Поэтому, отбирая истории, мы основывались не на количественных, а на качественных критериях. Каждая из историй помогает лучше понять еврейские нарративные традиции с литературной, культурной или исторической перспективы, что мы и попытались показать в комментариях к ним. Разумеется, существует много других, не менее значимых историй, которые могли бы проиллюстрировать иные аспекты еврейских нарративных традиций. Мы лишь хотели показать читателю разнообразие и творческую составляющую, присущие устной традиции ныне существующих в Израиле еврейских этнических групп.
Сказки в томах организованы по стандартному фольклористическому принципу — по жанрам. Легенды — это истории, которые претендуют на воспроизведение исторических событий; назидательные, или нравоучительные, истории повествуют о стандартах поведения; народные сказки — это выдуманные истории, которым ни рассказчик, ни слушатель не приписывают ни исторической, ни фактологической ценности; а юмористические истории, также выдуманные, должны вызывать смех. Хотя различные этнические группы могут иметь свои собственные категории и названия для различных жанров устного творчества, нам показалось адекватным в собрании, где представлено около тридцати различных еврейских этнических групп, пользоваться аналитическими категориями жанров народной литературы, таким образом предоставляя возможность для сопоставления различных нарративных традиций с точки зрения тематики и культурных особенностей.

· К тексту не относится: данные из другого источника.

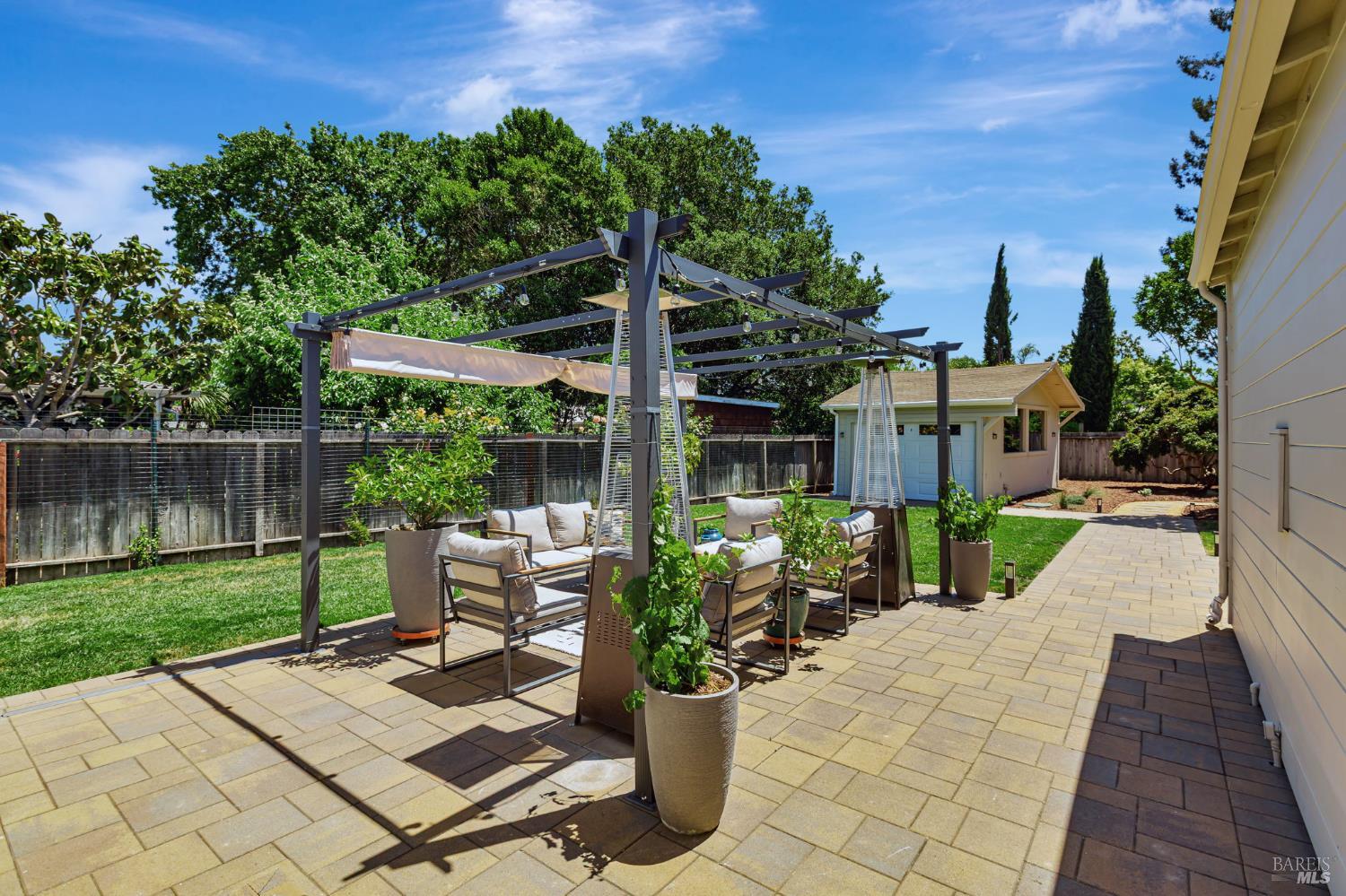 Detail Gallery Image 37 of 47 For 836 Wilmac Ave, Novato,  CA 94947 - 3 Beds | 1/1 Baths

Все эти истории явным образом еврейские, но у них есть аналоги в нарративных традициях в других культурах и на других языках. Фольклористика давно пытается ответить на вопрос, как сюжеты курсируют по всему земному шару, и пока не добилась в этом больших успехов. Есть многочисленные свидетельства того, что «еврейские» истории рассказывались ранее на других языках и другими народами. Евреи, вследствие постоянных переселений и мультилингвизма, сами были прекрасным «передатчиком» традиций. В некоторых случаях еврейские нарративные традиции сохранили более древние версии известных сюжетов, которые в других культурах фигурируют в уже модифицированной форме. Иногда еврейская нарративная традиция представляет более раннее, а может быть, и самое раннее свидетельство о циркуляции определенной темы в устной традиции.

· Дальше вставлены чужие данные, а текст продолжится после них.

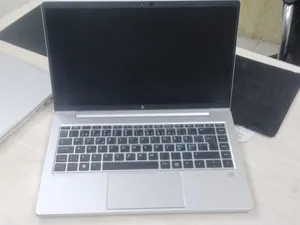 Laptop HP EliteBook 640 G9 8GB Intel Core I5 SSD 1T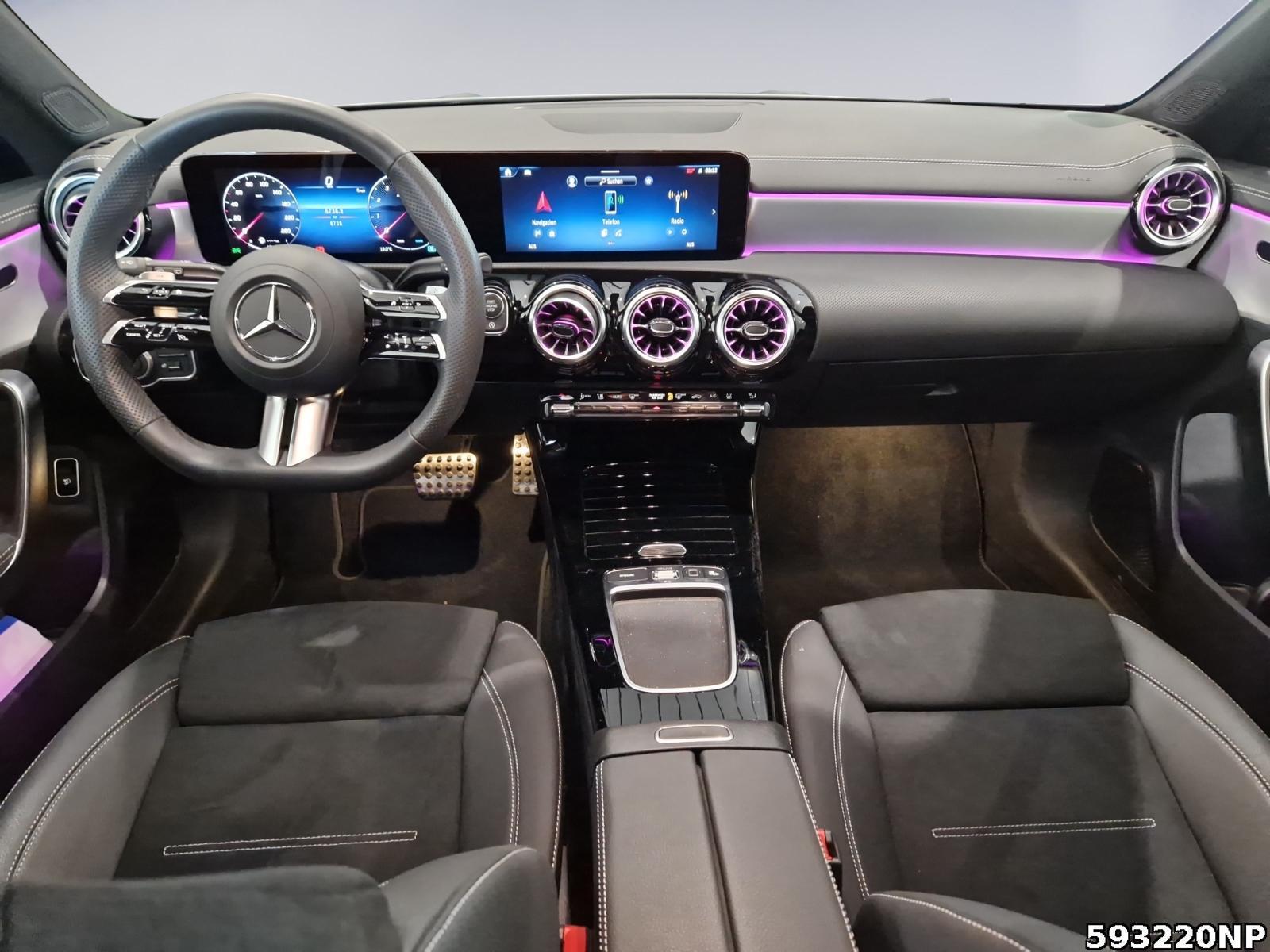 Fahrzeugabbildung Mercedes-Benz CLA 200 Shooting Brake SPECIAL-EDITION+STHZG+AHK+DISTRONIC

В Европе запись народных сказок стимулировал романтизм. Изначально представление об устном народном творчестве в чем-то обусловило появление романтизма в философии и литературе, а романтические идеи, в свою очередь, подвигали собирателей записывать истории, которые рассказывали крестьяне и низшие классы — тот самый идеализированный «народ», — чтобы понять фундаментальные принципы, которые формируют культуру нации. С позиций романтизма народные истории, их герои со своими поступками, их ценности, темы и метафоры создают и выражают дух нации.

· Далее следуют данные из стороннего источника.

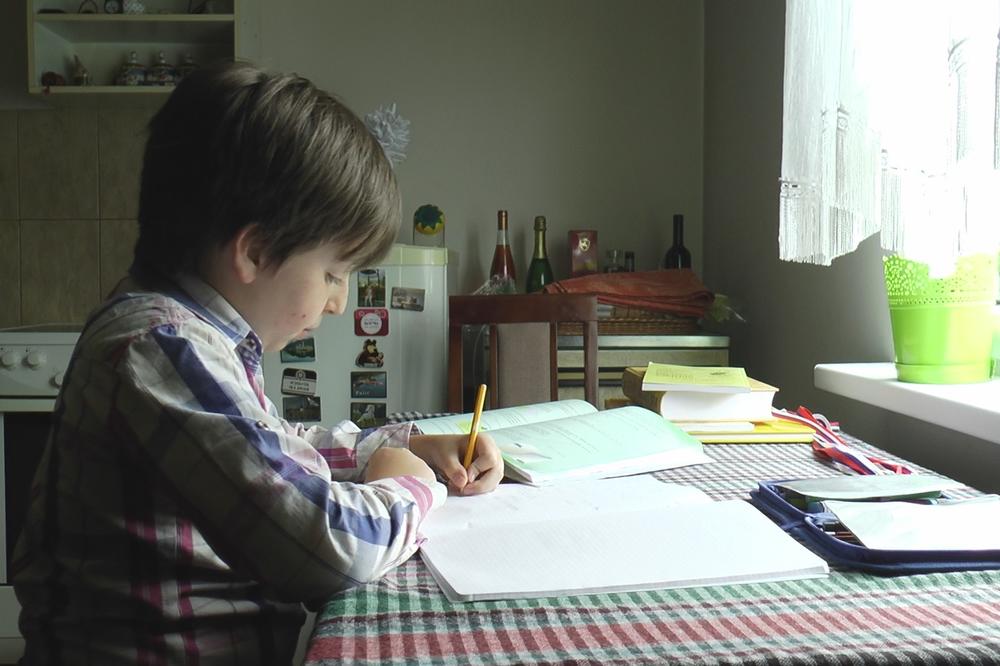 UROŠ VASILJEVIĆ (12) JE PONOS SRBIJE: Sve je počelo kad je kao mali gledao SLAGALICU! (FOTO)(VIDEO)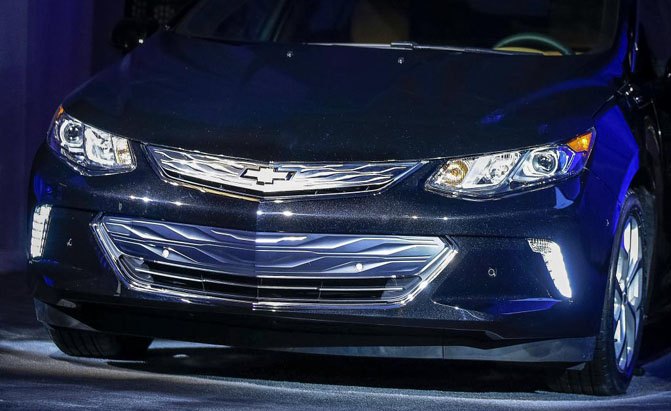 2016 Chevy Volt Revealed at Consumer Electronics Show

После спада интереса к романтизму и чуть ли не табуирования идей национализма во второй половине XX в. нации стали восприниматься как «воображаемые сообщества», а национальные движения как «переизобретенные сообщества» [9]. Из небольшой общины, проживавшей на восточном берегу Средиземного моря, евреи распространились по всему Средиземноморью, затем мигрировали в Европу, Азию и Северную Африку, а в Новое время — в Северную и Южную Америку, Австралию и Южную Африку. Воображаемые и переизобретенные связи между диаспорами создавались с помощью языка, религии, исторического и мифического прошлого. Но нарративы, собранные в ИФА и в этом издании, хотя и лишены полностью романтической идеологии, все же свидетельствуют о том, что народные устные традиции тяготеют к определенным темам. Это обусловлено схожим социальным опытом и повторяющимися отсылками к каноническим текстам, общими ритуалами, религиозными верованиями и наблюдениями, социальной организацией и системой ценностей, идей и практик. Сказки, которые рассказывали евреи, стали литературной, исторической и этнической манифестацией того факта, что, несмотря на многообразие идей и существование зачастую противоречащих друг другу течений, всех евреев объединяет некоторая общая литературная традиция, которая делает еврейские общины не воображаемыми сообществами, а сообществами с общим воображением.